• Problem description
Using the listing below, set down exactly the lines starting at the line that contains "Stainless Steel Flip" and ending at the line that contains "Classic Shohei Ohtani", both included, and no others.

====== Given information

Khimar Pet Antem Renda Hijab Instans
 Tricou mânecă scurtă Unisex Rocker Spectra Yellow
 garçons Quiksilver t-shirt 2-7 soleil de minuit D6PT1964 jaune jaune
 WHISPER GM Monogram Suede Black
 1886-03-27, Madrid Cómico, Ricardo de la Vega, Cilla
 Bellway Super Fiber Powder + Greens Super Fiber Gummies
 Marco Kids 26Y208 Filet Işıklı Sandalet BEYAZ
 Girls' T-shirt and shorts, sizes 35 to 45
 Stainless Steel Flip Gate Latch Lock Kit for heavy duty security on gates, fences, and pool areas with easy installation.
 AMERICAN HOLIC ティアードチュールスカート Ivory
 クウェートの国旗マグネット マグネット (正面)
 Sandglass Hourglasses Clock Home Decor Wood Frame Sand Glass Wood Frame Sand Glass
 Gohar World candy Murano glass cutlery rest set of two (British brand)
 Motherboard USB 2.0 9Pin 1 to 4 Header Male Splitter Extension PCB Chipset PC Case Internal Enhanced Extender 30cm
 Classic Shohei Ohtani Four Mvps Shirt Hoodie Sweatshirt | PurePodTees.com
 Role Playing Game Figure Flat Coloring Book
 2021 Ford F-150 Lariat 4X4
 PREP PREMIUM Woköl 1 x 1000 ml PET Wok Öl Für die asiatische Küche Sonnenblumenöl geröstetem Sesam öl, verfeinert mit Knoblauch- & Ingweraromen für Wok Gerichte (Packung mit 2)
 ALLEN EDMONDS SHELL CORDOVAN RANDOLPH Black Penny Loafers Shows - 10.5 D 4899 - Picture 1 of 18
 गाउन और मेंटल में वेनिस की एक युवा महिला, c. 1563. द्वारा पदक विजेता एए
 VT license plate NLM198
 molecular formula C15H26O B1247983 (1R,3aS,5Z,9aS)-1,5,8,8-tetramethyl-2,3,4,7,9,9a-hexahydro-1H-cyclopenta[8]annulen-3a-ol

============

• Output for this exercise
 Stainless Steel Flip Gate Latch Lock Kit for heavy duty security on gates, fences, and pool areas with easy installation.
 AMERICAN HOLIC ティアードチュールスカート Ivory
 クウェートの国旗マグネット マグネット (正面)
 Sandglass Hourglasses Clock Home Decor Wood Frame Sand Glass Wood Frame Sand Glass
 Gohar World candy Murano glass cutlery rest set of two (British brand)
 Motherboard USB 2.0 9Pin 1 to 4 Header Male Splitter Extension PCB Chipset PC Case Internal Enhanced Extender 30cm
 Classic Shohei Ohtani Four Mvps Shirt Hoodie Sweatshirt | PurePodTees.com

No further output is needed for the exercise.